Ok so 15 minutes later I went out and for grins flipped the switch. It works and draws 5 amps which seems a bit low for even the low speed amp draw listed on the motor. Does anyone have a wiring diagram. I'm lost w/o it? I might just go buy a 3hp 3ph single speed motor just for piece of mind.

I'm going to go out to the skid loader now, I k now what I'm doing there so I can increase my self esteem!!!!!!

Also I have no idea how to operate a lathe. What is the lever on the end of the keyed bar do? (the one that runs parallel to the lead screw) It is connected to 2 micro switches. Will I need to do anything with that as well once its up and running..............Now wheres that skid loader.............


----------



## lowlife (Apr 4, 2015)

Ok WTH? It runs when I put the programming into D002 and turn the switch on. It draws 5 or so amps. When I go back to monitoring Hz it goes to 11 and no further. Screw the skid loader this is going to require the backhoe!!!!! Maybe if I hit it hard enough it will cooperate!


----------



## Ulma Doctor (Apr 4, 2015)

if i read correctly the display is reading 11hz,
11hz is very low and may be overheating the temp sensor in the vfd.
most motors in north america are designed to run on 60hz when used conventionally without a vfd.
the vfd as the name implies, varies the frequency (Hz) of output. at 11 hz you are roughly 1/6 of normal op frequency.
that's ok for short periods of time, but the motor temperature will increase due to low air flow.
if you were to program for 60 hz and try again, your results may be quite different.


----------



## JimDawson (Apr 4, 2015)

I suspect that the high speed is wired as a 2 pole, and the low speed is wired as a 4 pole.  I'm not sure if this will help or not.


----------



## jim18655 (Apr 4, 2015)

Put it back the way it was and run the output of the VFD into the switch just like any 3 phase supply. Just don't try to change speeds while it's running.


----------



## lowlife (Apr 4, 2015)

Mr Dawson. So what you are saying is program 2 poles into the VFD

Jim18 I tried that originally maybe not correctly. I wired it directly to the main switch, turned it on, and put the 2 speed switch into the high position then took off both handles so they would stay in that position. There are 2 relays that need to be "pulled in" for forward and for reverse. I was concerned that would qualify as "The VFD doesnt like switches between it and the motor. I never tried it for that reason.

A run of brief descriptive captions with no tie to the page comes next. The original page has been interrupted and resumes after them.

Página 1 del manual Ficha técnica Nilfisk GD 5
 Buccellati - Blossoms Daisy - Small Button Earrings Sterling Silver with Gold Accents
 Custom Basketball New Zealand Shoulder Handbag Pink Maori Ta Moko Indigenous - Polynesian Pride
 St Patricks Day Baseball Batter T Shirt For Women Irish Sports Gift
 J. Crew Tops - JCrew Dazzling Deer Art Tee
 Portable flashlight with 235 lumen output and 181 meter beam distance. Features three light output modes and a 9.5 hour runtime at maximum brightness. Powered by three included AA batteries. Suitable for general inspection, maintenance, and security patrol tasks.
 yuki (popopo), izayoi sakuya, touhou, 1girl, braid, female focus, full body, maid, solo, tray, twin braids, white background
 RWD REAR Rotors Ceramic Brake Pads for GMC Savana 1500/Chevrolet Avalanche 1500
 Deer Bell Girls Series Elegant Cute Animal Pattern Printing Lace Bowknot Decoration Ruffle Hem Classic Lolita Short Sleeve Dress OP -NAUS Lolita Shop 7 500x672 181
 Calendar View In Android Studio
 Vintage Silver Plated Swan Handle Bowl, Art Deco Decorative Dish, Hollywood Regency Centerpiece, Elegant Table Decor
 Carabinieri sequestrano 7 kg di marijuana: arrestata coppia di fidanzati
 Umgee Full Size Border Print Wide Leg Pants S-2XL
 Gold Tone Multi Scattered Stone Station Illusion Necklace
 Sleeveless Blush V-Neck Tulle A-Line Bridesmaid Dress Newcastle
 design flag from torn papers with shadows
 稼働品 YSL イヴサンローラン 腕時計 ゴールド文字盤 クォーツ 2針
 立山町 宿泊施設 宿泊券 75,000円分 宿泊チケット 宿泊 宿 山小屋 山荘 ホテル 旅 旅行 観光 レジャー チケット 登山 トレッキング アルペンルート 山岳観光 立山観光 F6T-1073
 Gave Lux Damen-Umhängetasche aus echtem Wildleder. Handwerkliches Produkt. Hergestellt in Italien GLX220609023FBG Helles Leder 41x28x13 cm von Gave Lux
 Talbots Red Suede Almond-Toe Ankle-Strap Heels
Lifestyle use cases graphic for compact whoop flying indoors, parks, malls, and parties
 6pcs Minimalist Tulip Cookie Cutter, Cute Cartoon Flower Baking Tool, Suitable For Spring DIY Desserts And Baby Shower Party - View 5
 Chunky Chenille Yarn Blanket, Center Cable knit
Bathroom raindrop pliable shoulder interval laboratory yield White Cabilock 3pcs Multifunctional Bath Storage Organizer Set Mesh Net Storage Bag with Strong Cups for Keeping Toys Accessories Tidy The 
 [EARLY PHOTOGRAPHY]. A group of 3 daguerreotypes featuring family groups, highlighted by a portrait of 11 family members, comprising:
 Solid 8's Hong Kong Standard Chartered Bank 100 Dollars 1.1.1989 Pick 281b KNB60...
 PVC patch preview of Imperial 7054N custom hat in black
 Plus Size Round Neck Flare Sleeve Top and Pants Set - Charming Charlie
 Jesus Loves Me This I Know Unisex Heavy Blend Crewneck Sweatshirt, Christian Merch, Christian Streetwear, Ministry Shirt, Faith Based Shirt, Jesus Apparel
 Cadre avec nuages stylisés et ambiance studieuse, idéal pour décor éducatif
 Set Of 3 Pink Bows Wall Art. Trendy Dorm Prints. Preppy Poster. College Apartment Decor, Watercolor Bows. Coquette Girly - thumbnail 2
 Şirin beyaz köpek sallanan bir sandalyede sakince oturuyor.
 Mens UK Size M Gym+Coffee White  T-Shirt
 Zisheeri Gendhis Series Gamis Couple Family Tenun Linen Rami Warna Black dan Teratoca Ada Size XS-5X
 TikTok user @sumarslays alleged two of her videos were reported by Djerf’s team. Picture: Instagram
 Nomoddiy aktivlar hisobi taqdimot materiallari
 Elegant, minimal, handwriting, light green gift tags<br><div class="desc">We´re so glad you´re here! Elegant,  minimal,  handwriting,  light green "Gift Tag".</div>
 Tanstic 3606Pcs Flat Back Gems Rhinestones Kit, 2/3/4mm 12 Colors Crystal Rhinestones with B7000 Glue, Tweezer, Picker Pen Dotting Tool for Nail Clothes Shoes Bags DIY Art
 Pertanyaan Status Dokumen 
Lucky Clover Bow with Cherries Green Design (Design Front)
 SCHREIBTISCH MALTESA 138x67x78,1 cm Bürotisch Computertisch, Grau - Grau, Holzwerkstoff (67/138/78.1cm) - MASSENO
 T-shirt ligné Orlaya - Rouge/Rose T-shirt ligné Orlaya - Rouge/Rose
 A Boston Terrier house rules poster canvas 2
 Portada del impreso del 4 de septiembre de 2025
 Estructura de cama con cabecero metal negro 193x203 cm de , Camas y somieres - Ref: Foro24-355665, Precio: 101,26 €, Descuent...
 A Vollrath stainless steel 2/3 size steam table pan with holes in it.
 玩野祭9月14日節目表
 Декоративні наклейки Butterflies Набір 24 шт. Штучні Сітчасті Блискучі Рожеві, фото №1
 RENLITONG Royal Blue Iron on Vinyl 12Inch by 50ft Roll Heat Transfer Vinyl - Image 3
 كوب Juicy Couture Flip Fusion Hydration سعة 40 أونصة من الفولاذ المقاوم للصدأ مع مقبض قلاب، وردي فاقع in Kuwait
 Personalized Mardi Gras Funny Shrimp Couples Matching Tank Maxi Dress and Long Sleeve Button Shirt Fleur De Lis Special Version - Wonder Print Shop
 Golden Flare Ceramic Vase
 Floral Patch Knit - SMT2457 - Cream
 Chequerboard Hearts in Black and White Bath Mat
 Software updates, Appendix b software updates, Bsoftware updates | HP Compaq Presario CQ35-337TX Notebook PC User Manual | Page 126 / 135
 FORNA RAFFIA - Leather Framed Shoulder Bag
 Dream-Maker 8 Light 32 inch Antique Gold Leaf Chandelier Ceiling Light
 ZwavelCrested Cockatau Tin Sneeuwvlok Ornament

U Dr. Everything is set at 60 Hz near as I can tell. I have the same exact VFD for my mill. While it did give me fits I eventually figured it out with help. I spose I could have missed something. Not unusual for me. Will check again.


----------



## jim18655 (Apr 4, 2015)

I thought you just had a drum switch between the input and the motor. I guess you disconnected all the control relays and contactors between the  VFD and the motor? IS there a data plate on the motor?


----------



## JimDawson (Apr 4, 2015)

lowlife said:


> Mr Dawson. So what you are saying is program 2 poles into the VFD


Maybe that would help, but I'm not sure.  Do you have a wiring diagram on the motor?  It might be helpful.


----------



## lowlife (Apr 4, 2015)

No, trying to locate any information on an enterprise lathe is impossible. Not even nearly impossible. They still make parts for it in India, but when I contacted them they kept trying to sell me parts and had no apparent interest in a manual or they didnt have one, or there was a large communication issue. I will mess with it for a while but there comes a time when I will just get a different motor.


----------



## JimDawson (Apr 4, 2015)

Many times the diagram is inside the connection box.  If not, maybe the manufactures name on the motor data plate would lead to a diagram.


----------



## Brendan M (Apr 5, 2015)

lowlife said:


> Ok WTH? It runs when I put the programming into D002 and turn the switch on. It draws 5 or so amps. When I go back to monitoring Hz it goes to 11 and no further. Screw the skid loader this is going to require the backhoe!!!!! Maybe if I hit it hard enough it will cooperate!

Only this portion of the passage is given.